Review by Choice Review
Wright (independent scholar) offers a historical narrative of the evolution of the God-concept in the minds, writings, and belief systems of humanity, beginning with a review of primordial faith systems. He focuses on Abrahamic views of the divine. Wright traces God notions among the inheritors of Middle Eastern monotheism with scholarship and insight. Even "if what the Bible says about Jesus isn't true," Wright asks, "does that make him less an incarnation of the Logos?" Scholarly and historical, this book nonetheless shows monotheists how they may learn to live in peace by salvaging what they have in common. Thus Wright gives a sympathetic account of the Koran in his efforts to seek unity behind division and diversity.
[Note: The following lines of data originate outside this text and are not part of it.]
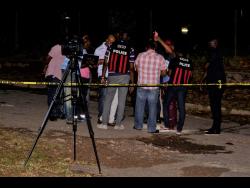Police personnel at the scene of yesterday’s triple murder in Temple Hall, St Andrew.
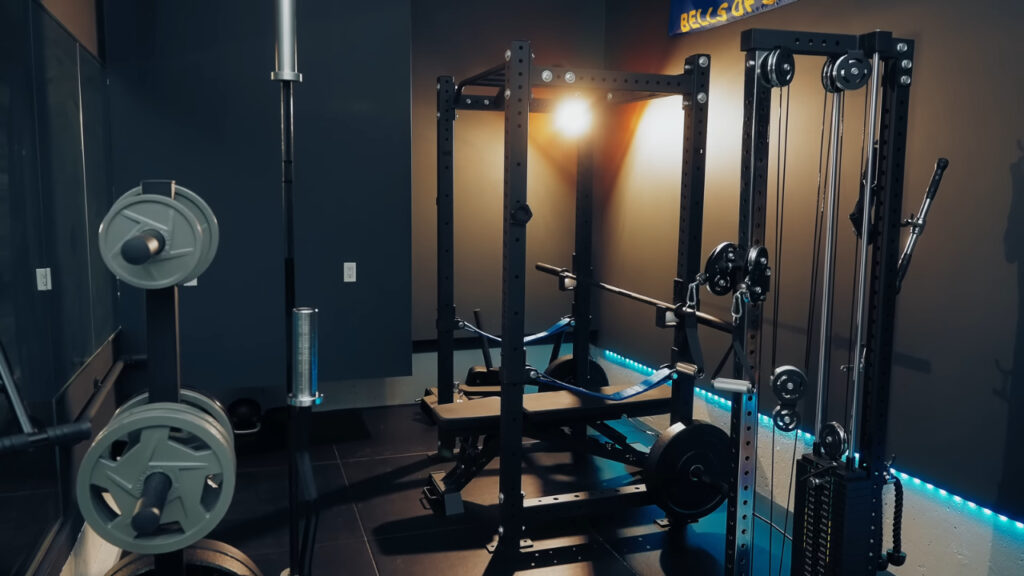 A compact home gym with a weight rack, bench, cable machine, and weight plates.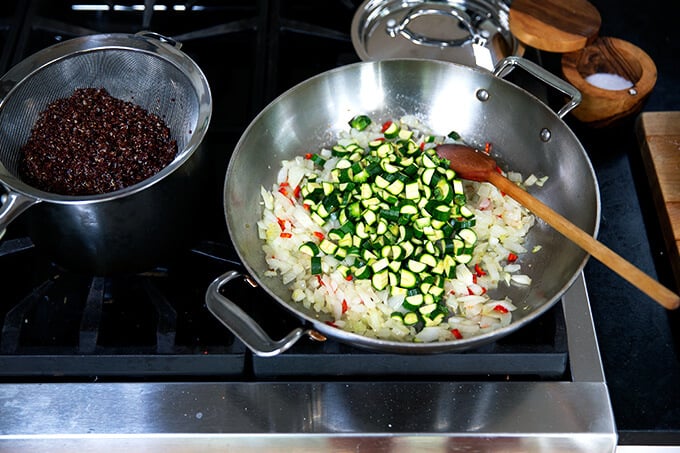 A sauté pan filled with onions, chili, and zucchini.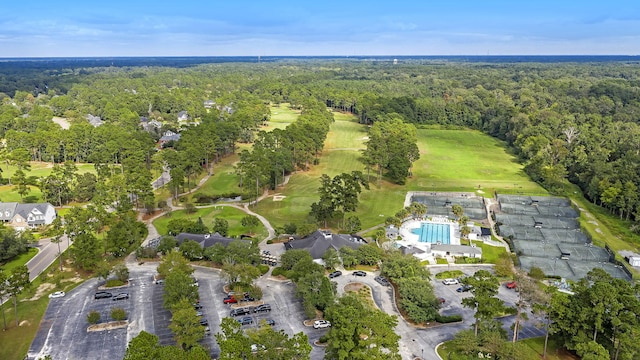 aerial view featuring golf course view and a forest view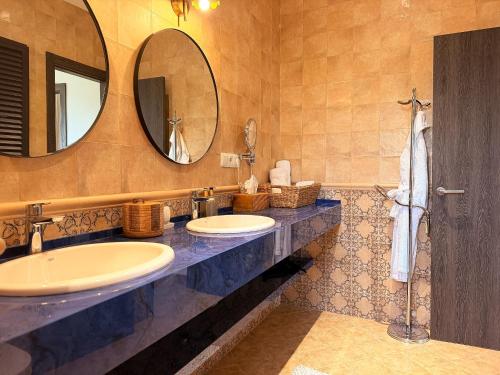 a bathroom with two sinks and a mirror at Finca Sonrisa in Alhaurín el Grande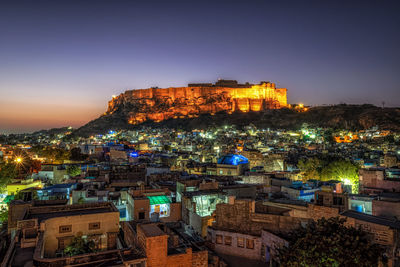 High angle view of illuminated buildings in city at night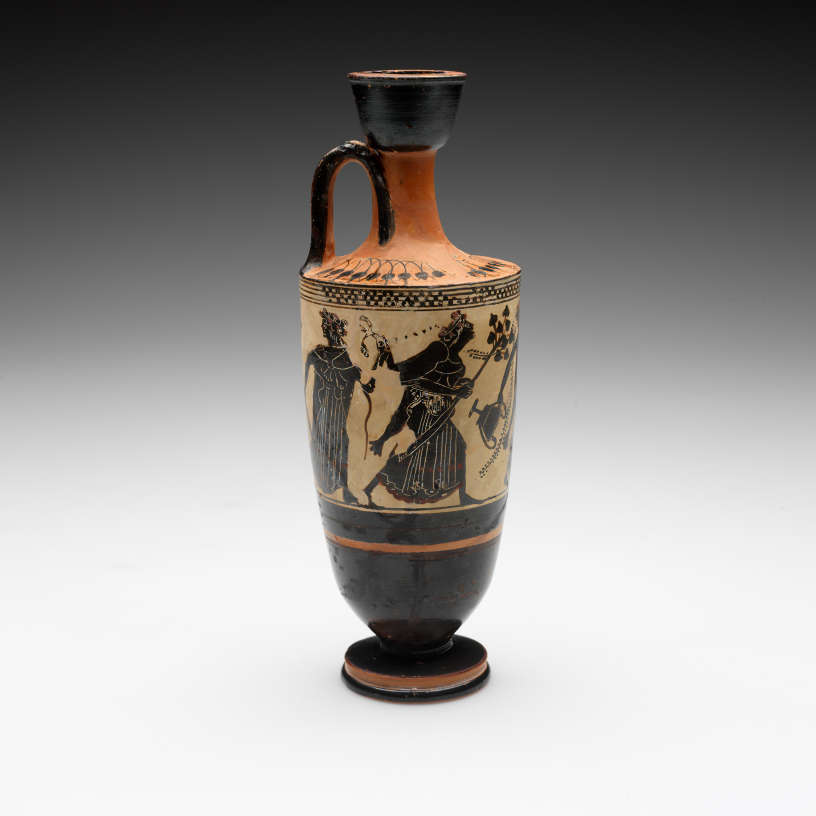 Tall vase with a slender neck. Its tan-orange surface is decorated with black illustrations of robed figures walking and carrying branch-like objects and jars, as well as stripe patterns. 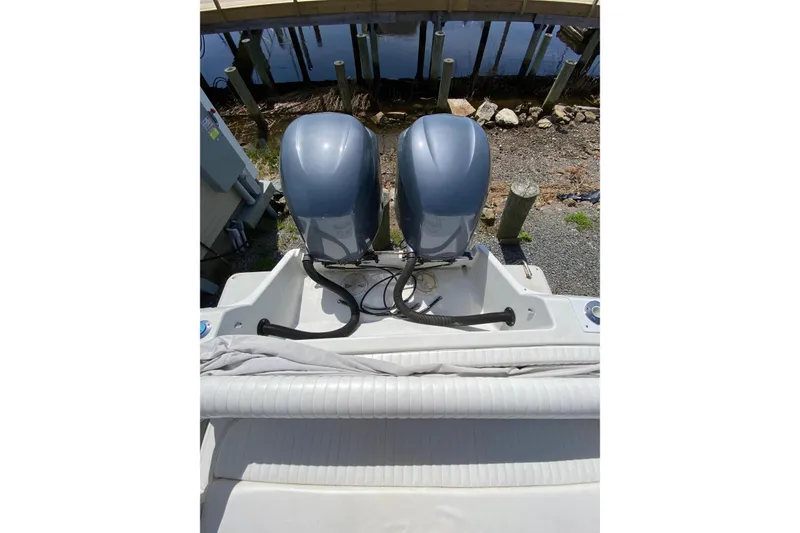 Slide: The Image of 1996 Intrepid 337 boat with dual outboard motors, docked on a sunny day. - 39
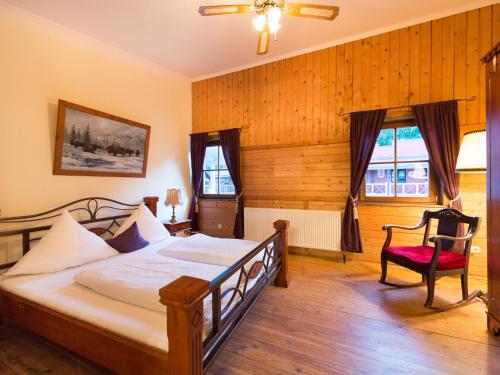 a bedroom with a bed and a red chair at Pullman City Westernstadt in Eging am See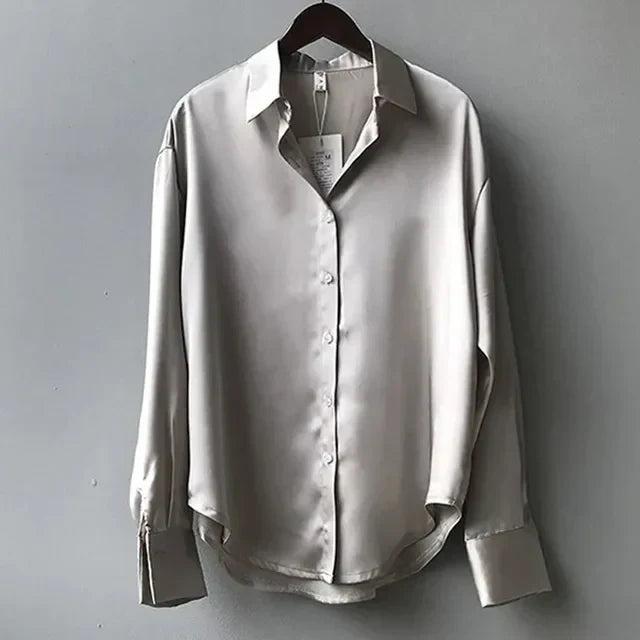 Luxurious women's long sleeve button-down satin blouse in a rich color, offering an elegant and refined look.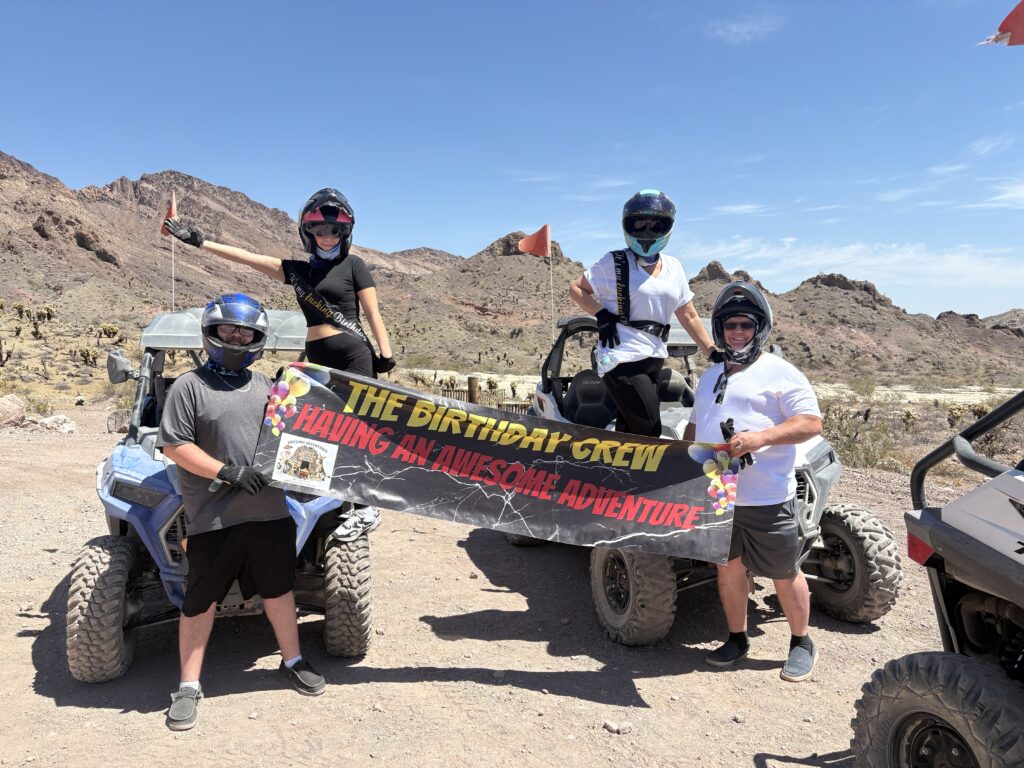 Group with helmets and sunglasses hold a "Birthday Crew" banner by ATVs in Nevada desert near Las Vegas on an ATV tour.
He reminds readers of the importance of the moral principles emerging from religious sources. Wright argues that beyond the intangible gods and self-affirming prophets who were geographically constructed and culturally constrained, there may well be a divinity out there in an abstract, relevant form of a moral order. Hindu readers may be reminded of the Vedic notion of rita--the cosmic moral framework that sustains the world. This refreshing historical account of God and religion suggests ever so subtly that enlightened religion(s) and science can exist in happy harmony. Summing Up: Recommended. Upper-level undergraduates and above. V. V. Raman emeritus, Rochester Institute of Technology
Copyright American Library Association, used with permission.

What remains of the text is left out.